A Heated Debate on Jealousy

I recently added a new word to my vocabulary: Compersion. Wiktionary defines it as “vicarious joy associated with seeing one's partner have a joyful romantic or sexual relation with another.”

In a society where we constantly talk about and address issues around romantic jealousy, and where polyamory & open-relationships are more often negotiated than actively desired by both parties in a relationship, it felt almost counterintuitive to envision a context around compersion. To be able to contextualize it, I decided to look more closely into its extensively researched arch-nemesis: Jealousy. 

Peter Salovy, in his book The Psychology of Jealousy and Envy, defines jealousy as “an emotion experienced when a person is threatened by the loss of an important relationship with another person to a “rival”.”  At its essence, jealousy, then, is fear — more specifically the fear of losing an important relationship that is formative to a part of our identity. As I conducted more research, I was left with a question as old as time: “Is jealousy a part of human nature? Or are we socialized to feel jealous in the context of romantic relationships?”

First, there is the evolutionary perspective that centers procreation at the heart of sexual and romantic relationships, suggesting that men have evolved to feel sexual jealousy to ensure parental certainty, whereas women have evolved to feel emotional jealousy to ensure the commitment of their partner while raising the child. 

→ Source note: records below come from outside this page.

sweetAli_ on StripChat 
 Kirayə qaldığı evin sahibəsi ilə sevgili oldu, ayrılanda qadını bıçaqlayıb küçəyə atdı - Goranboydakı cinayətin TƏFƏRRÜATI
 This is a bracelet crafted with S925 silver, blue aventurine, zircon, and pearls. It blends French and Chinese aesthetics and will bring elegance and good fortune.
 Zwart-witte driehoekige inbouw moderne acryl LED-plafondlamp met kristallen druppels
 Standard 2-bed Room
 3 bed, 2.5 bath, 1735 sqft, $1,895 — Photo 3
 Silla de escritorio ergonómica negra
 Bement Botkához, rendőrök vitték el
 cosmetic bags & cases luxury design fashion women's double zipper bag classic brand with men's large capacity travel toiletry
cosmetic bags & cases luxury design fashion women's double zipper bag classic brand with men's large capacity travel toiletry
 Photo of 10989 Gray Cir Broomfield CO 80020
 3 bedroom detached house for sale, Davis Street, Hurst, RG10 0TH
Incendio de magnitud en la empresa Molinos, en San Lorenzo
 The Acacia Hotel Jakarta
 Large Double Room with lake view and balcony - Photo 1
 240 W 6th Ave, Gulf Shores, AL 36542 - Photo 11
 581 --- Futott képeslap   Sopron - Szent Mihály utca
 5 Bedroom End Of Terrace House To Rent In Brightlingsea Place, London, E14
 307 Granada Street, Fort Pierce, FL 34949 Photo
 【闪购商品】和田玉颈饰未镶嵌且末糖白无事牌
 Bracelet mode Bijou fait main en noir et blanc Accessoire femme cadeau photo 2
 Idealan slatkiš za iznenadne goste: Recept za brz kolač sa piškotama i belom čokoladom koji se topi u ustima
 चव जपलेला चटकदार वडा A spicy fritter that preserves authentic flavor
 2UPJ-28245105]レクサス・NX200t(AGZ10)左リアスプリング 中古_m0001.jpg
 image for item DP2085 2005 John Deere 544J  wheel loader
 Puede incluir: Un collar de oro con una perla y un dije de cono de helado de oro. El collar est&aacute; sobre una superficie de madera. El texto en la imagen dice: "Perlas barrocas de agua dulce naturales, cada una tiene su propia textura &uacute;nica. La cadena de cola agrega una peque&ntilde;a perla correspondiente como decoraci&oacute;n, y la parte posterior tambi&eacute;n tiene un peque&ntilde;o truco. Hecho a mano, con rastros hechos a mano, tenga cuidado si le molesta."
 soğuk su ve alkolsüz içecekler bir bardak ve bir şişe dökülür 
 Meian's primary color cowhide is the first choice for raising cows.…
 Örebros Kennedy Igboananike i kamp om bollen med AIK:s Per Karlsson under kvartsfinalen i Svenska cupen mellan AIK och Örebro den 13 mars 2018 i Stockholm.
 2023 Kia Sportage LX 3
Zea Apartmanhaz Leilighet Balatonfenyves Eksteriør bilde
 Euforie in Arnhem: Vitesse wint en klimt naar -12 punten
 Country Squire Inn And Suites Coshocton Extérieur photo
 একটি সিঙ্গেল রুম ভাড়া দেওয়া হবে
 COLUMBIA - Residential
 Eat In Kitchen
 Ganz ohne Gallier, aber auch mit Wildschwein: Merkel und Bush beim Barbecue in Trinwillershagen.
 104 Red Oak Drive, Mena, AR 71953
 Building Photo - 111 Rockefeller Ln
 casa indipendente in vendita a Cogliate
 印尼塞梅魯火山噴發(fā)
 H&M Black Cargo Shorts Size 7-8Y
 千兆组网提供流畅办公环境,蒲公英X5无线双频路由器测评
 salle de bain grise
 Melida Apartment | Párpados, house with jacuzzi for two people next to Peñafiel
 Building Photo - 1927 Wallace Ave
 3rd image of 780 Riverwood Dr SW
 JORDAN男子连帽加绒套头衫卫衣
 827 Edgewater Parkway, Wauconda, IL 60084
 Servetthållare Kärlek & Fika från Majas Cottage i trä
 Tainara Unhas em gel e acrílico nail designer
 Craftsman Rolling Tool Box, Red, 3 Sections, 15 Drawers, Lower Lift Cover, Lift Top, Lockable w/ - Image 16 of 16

Christopher Ryan, in his book Sex at Dawn, makes a compelling argument against this evolutionary perspective, challenging  its emphasis on reproduction, since sex & romance are bonding mechanisms as much as they are an act of procreation. When we see sex & romance as bonding mechanisms, we are left with the question of why romantic relationships are the only ones that are viewed as a zero-sum game — where if you lose your partner to a rival, then they gain completely, and you lose completely.  

Let’s switch our mindsets away from romantic jealousy for a quick example: When an older child is jealous of their newly born sibling, the parents will likely ensure that both of them feel loved, which would eliminate the fear the older sibling has (which causes the jealousy in the first place). Love, when it comes to children or to other people & objects, is not necessarily perceived as a finite resource. But when it comes to sexual and romantic love, we often assume that we can only devote our romantic love to one person at a time — which increases the fear around losing the relationship when there’s a rival. 

This suggests that our social context, as opposed to the evolutionary one, is what amplifies the feelings of romantic and sexual jealousy. 

What if we imagine a world in which sex and love are available to everyone, where everyone has more time to devote to love, and where everyone has the economic freedom to not depend on a partner? As Christopher Ryan states in his argument: “What is jealousy, when you remove the fear from it?”

What do you think? Would we be more inclined to feel compersion if this supposed-utopia were to come to life?